SomeReallyHugeClass obj = new SomeReallyHugeClass();

DoSomeWork(obj);

//-----

void DoSomeWork(SomeReallyHugeClass p)
{
   // p is passed "by value" as C-style pointer

   p.SomeProperty = "something else"; // perfectly legal

   p = new SomeReallyHugeClass(); // won't compile
}

void DoSomeMoreWork(ref SomeReallyHugeClass p)
{
   p = new SomeReallyHugeClass(); // Now, it's OK
}

amotif

VBJB wrote:

Sven Groot wrote:
That only applies to value types (structs). In .Net, reference types (classes) are never copied. Adding the ref keyword for a reference type means you are passing the reference by reference.

So are you saying that when we are passing by value we are really passing the *address* of the object by value?

If this is true, then passing big objects by value is not that bad, but I want to clarify this first.

Someone?

It still doesn't prevent the callee from modifying your object. The object *reference* is passed.

Minh, your "won't compile" part will compile fine. It's a local change to the parameter.

Randolpho

VBJB wrote:

So are you saying that when we are passing by value we are really passing the *address* of the object by value?

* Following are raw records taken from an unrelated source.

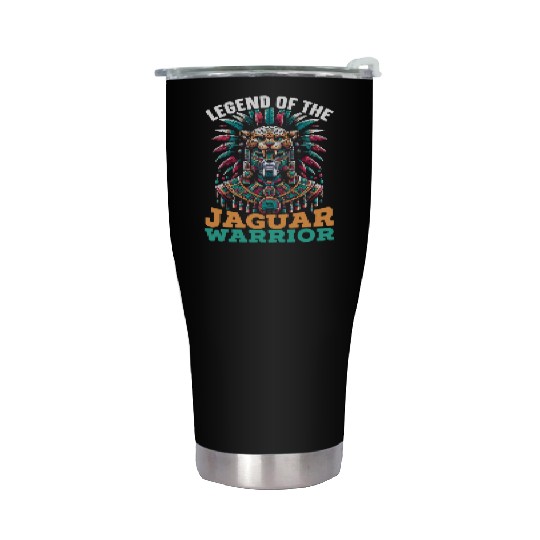 Aztec Jaguar Warrior Aztec Culture Indigenous Stainless Steel Tumblers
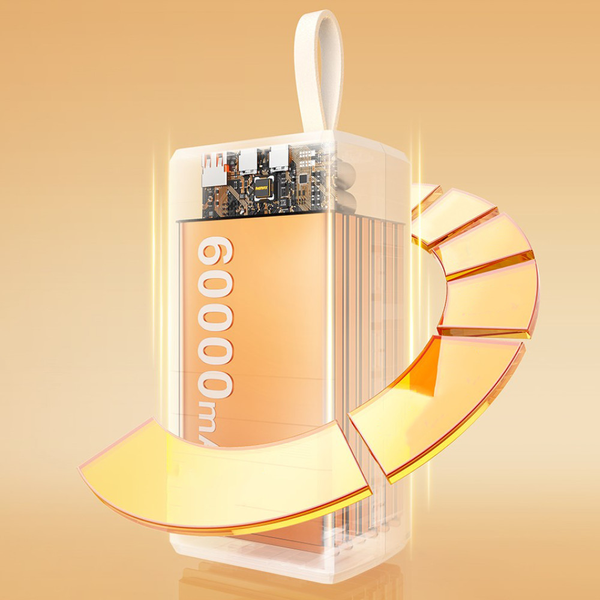 УМБ Павербанк 60000 mAh 100W Remax RPP-650 с быстрой зарядкой PD/QC Белый 3065053 фото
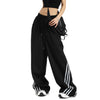 Triple Striped Wide Leg Baggy Track Sweatpants NS122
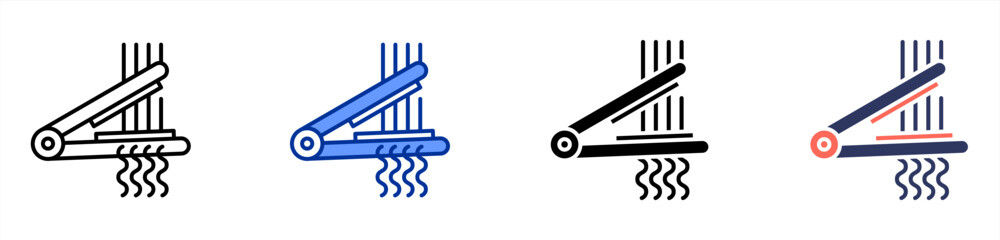 Hair Straightener icon set multiple style collection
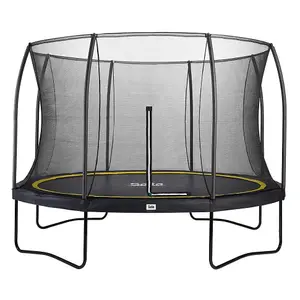 12ft Salta Black Comfort Edition Round Trampoline with Enclosure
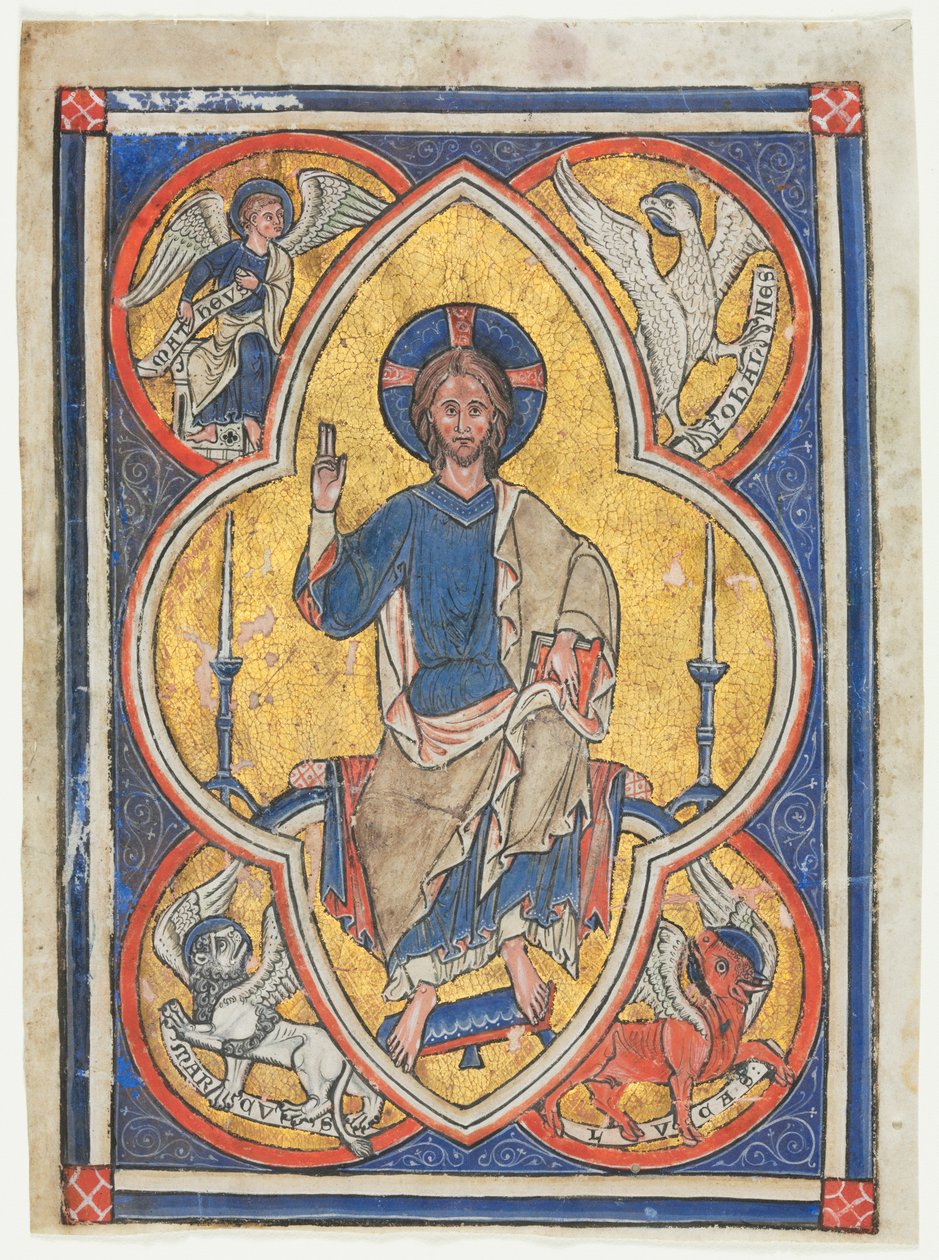 Miniatura vyříznutá z žaltáře: Kristus ve velebnosti se symboly čtyř evangelistů, c. 1235. od Unbekannt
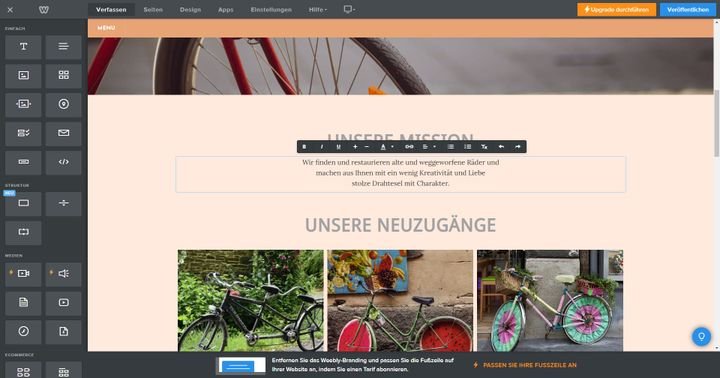 Mit Weebly nutzen Sie einen einfachen Drag-and-Drop-Editor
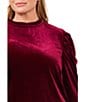Color:Majestic Wine - Image 3 - Plus Velvet Knit Mock Ruffled Neck Long Sleeve Blouse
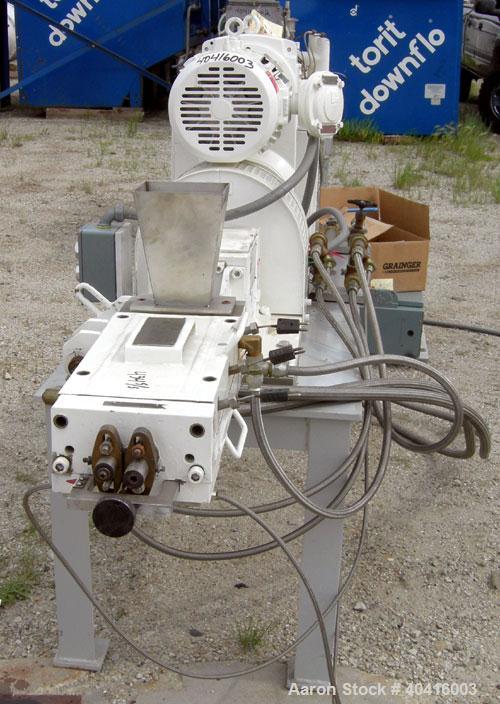 Used Teledyne Readco 2" twin screw continuous processor, 434 stainless steel.  (2) 2" diameter x approximately 17 1/2" long shafts.  Carbon steel jacketed chamber, clamshell design, rated 150 psi at ...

If this is true, then passing big objects by value is not that bad, but I want to clarify this first.

Someone?

No, you've got it wrong. I think you're still thinking about C++. In C++ a type is a type, and it can be instantiated on the stack or the heap, depending on how you instantiate it. In C# (and .NET in general), however, there are two different types of objects -- reference types and value types. Here's a short tutorial:

http://www.albahari.com/value%20vs%20reference%20types.html

Basically, a reference type is instantiated on the heap and a reference (similar to a pointer, but no pointer arithmetic) to the object is stored in the stack, while a value type is instantiated on the stack. When you pass a reference type to a method, you're passing that pointer equivalent to the method. When you pass a value type to a method, a copy is pushed onto the stack and the method uses the copy. The ref and out keyword when applied to a value type are like a pointer to the type, but when applied to a reference type, they're equivalent to a pointer to a pointer.

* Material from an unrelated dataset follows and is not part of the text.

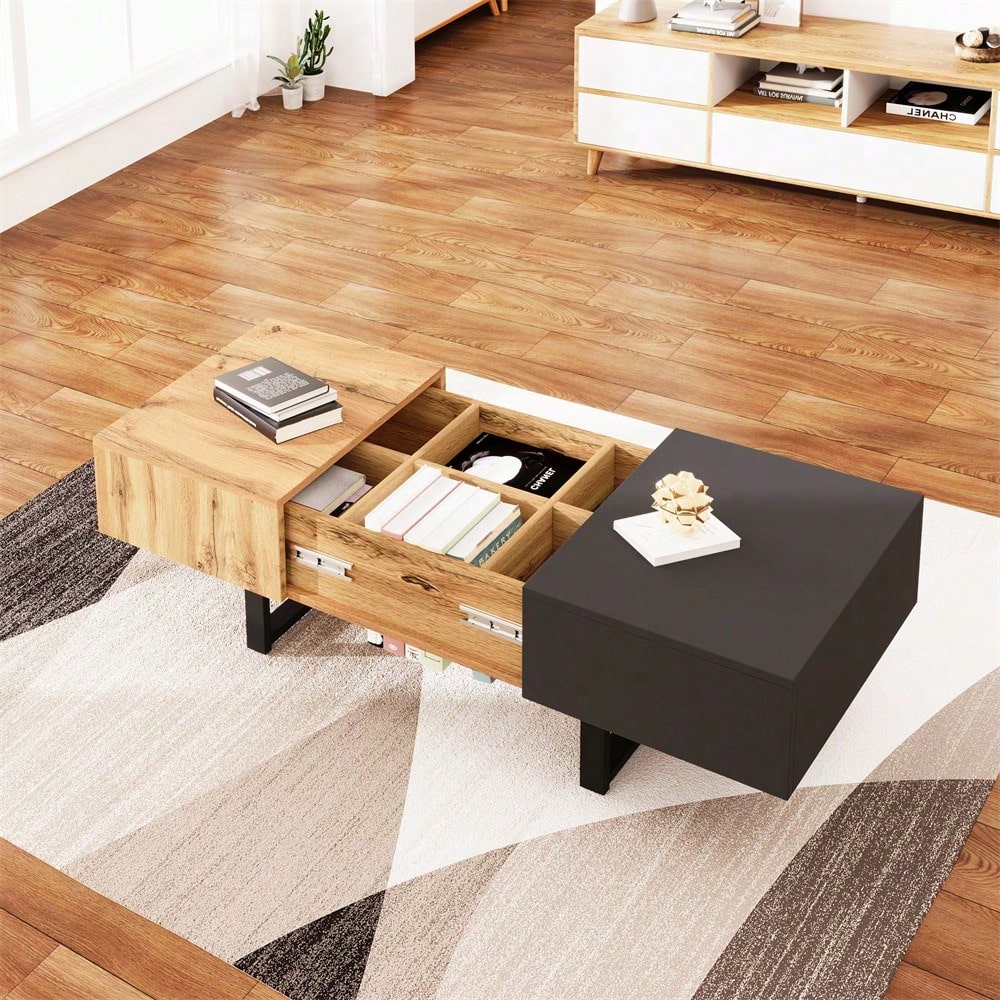 Multifunktionaler moderner verschiebbarer Couchtisch mit versteckter Aufbewahrung, hochwertiger Holz- und Metallhalterung, geeignet für Wohn- und Bürobereich, einfach zu installieren, 155 x 55 x 40 cm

Let me see if I can explain the differences in terms of C++ and C#:

Reference Type
In C#, a reference type is instantiated as follows:

MyObject foo = new MyObject();

The C++ equivalent:

MyObject * const foo = new MyObject();

In C++ a reference type is equivalent to a const pointer to an object. It's much safer than a pointer, however.

In C# a reference type is declared in a method as follows:

void MyMethod(MyObject foo) {...}

The C++ equivalent:

void MyMethod(MyObject * const foo) {...}

Value Type
In C#, a value type is instantiated as follows:

MyStruct foo; // uses default constructor
// or
MyStruct foo = new MyStruct(); // also uses default constructor

The C++ equivalent:

MyStruct foo; 
// or
MyStruct foo(arg1, arg2);

In C++ a value type is equivalent to a stack instantiated type. In C++, any type can be stack instantiated. In C#, only value types (i.e. ints, floats, bools, and structs) can be stack instantiated.

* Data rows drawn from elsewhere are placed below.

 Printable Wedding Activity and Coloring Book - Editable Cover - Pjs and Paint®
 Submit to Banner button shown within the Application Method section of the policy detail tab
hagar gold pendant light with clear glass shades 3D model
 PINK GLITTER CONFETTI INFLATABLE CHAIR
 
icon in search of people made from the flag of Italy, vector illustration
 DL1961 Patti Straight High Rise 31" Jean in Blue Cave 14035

In C# a value type is declared in a method as follows:

void MyMethod(MyStruct foo) {...}

The C++ equivalent:

void MyMethod(MyStruct foo) {...}

Again, when passing a value type, a shallow copy is pushed to the stack.

ref and out Keywords
In C#, adding the ref or the out keyword to a method parameter is very similar to adding an additional pointer to the parameter. If you add ref to a value type, it's like passing a pointer to a stack-instantiated object. If you add it to a value type, it's like passing a pointer to a const-pointer to a heap-instantiated object.

In C# a ref to a value type is declared as follows:

void MyMethod(ref MyStruct foo) {...}

The C++ equivalent:

void MyMethod(MyStruct * foo) {...}

In C# a ref to a reference type is declared as follows:

void MyMethod(ref MyObject foo) {...}

the C++ equivalent:

void MyMethod(MyObject * * foo) {...}

As Minh mentioned, you can use the ref keyword to re-instantiate a reference type.

So, where does that leave you? Well, if your object is a reference type object -- even a very large one -- you don't have to do anything special -- reference types are automatically passed by reference without needing the ref or out keyword.

You worried about the calling method being able to modify your object. Frankly, the bottom line is you have no real control over whether or not the calling method modifies your object; if you give it your object any method has the ability to modify it. You can make it harder to modify with tricks -- one such trick that you're used to in C++ is passing a const pointer, and you can do a similar trick in C# using a read-only interface -- but ultimately any sufficiently determined method can modify your object.

It boils down to trust. If you control the method code, you don't have to worry, just don't modify the object. Badabingbadaboom. If you don't control the method code, you have to determine your level of trust for the method.

mvt

The only thing that really works is a read only wrapper, which is indeed what happens when you use e.g. List<T>.AsReadOnly().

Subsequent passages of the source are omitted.